Но Жуковский понял, что мне предстоит, — я это увидел по его глазам, — понял, что я приехал проститься. Он опять помолчал, задумался. Потом спросил:
— А как там? Еще держится лед?
— Да… Но, наверное, очень скользко. Мокро. И мне говорили, что аэросани там легко опрокидываются.
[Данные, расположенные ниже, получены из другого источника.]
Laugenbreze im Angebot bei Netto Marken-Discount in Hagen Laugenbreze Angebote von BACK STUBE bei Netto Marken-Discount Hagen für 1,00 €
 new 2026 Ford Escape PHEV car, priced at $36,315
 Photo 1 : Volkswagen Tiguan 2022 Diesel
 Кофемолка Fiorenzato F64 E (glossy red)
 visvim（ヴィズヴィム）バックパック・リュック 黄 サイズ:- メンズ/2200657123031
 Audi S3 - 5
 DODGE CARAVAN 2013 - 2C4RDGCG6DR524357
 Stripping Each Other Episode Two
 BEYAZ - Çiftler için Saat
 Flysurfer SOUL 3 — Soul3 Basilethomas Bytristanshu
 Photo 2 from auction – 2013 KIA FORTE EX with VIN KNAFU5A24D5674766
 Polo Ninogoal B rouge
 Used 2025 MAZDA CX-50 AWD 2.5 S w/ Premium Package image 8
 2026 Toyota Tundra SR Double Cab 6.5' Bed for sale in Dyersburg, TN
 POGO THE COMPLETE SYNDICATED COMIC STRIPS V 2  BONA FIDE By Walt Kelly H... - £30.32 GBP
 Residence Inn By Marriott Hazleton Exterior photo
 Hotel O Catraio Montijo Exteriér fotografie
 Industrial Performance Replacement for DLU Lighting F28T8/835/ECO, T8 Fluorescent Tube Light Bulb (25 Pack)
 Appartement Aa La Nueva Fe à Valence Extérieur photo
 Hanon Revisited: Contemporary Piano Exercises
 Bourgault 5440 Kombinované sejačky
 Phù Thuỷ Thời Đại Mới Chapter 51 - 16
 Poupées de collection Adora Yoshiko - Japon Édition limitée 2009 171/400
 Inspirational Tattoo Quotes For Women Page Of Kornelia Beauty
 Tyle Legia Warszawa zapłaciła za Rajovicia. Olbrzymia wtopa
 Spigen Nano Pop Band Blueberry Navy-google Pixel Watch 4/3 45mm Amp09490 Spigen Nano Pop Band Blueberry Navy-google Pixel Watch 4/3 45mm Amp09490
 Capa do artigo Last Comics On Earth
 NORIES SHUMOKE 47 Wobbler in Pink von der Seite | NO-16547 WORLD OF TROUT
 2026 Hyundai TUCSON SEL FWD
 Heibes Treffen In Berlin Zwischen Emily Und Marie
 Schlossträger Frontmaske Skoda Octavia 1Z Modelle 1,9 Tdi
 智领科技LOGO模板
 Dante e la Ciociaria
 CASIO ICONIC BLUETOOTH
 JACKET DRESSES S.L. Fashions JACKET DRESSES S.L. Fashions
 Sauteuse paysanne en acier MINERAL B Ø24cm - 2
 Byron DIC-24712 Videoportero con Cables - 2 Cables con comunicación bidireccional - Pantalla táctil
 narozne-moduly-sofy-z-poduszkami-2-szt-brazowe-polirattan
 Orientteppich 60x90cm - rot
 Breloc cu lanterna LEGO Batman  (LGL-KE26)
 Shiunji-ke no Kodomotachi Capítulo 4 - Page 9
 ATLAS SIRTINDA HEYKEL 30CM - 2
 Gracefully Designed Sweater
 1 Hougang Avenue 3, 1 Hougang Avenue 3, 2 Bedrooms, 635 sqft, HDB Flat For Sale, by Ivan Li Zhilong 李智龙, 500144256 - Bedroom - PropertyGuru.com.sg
— Конечно, опрокидываются! — живо воскликнул Жуковский. На минуту исчезла затрудненность его речи. — На скользкой ледяной глади поворот произойдет не так, как следует по его кинематическим условиям. Ты понимаешь?
Я кивнул. Однако Николай Егорович этим не удовлетворился. Он попытался повернуться к рукописям, которые находились на столе, не смог, и на его немного перекошенном лице отразилось страдание. С готовностью подошла сиделка.
— Нет, не вы… Позовите…
Он явно утомился. Ему уже было трудно говорить.
— Николай Егорович, не надо, — сказал я.
Сиделка поняла его желание.
— Михаила Михайловича?
Жуковский наклонил голову.
— Да…
Вскоре явился Ладошников. Николай Егорович обрадовался.
— Вот, вот… Достань, пожалуйста… мой доклад… «О динамике автомобиля»… Там, Алеша, ты найдешь… теорию… скольжения при гололедице… на поворотах… Возьми… Там тебе это пригодится.
Опять утомившись, он замолк. Потом, передохнув, обратился к Ладошникову:
— Миша… Знаешь, куда он уезжает?
— Николай Егорович, — сказал Ладошников. — Я тоже уеду…
— А ты куда?
— Тоже под Кронштадт. Уже решено. Я договорился с комиссаром…
— Как же это ты? А твой самолет? Не доведешь до испытаний?
— Вернусь и доведу. Николай Егорович, «милостивый государь» помнит, что вы ему сказали… И не будет… отсутствовать!
В дверь тихо постучали. Вошел, неслышно ступая, Родионов. Он был без шинели, в форменной военной гимнастерке. Николай Егорович беспокойно взглянул на него.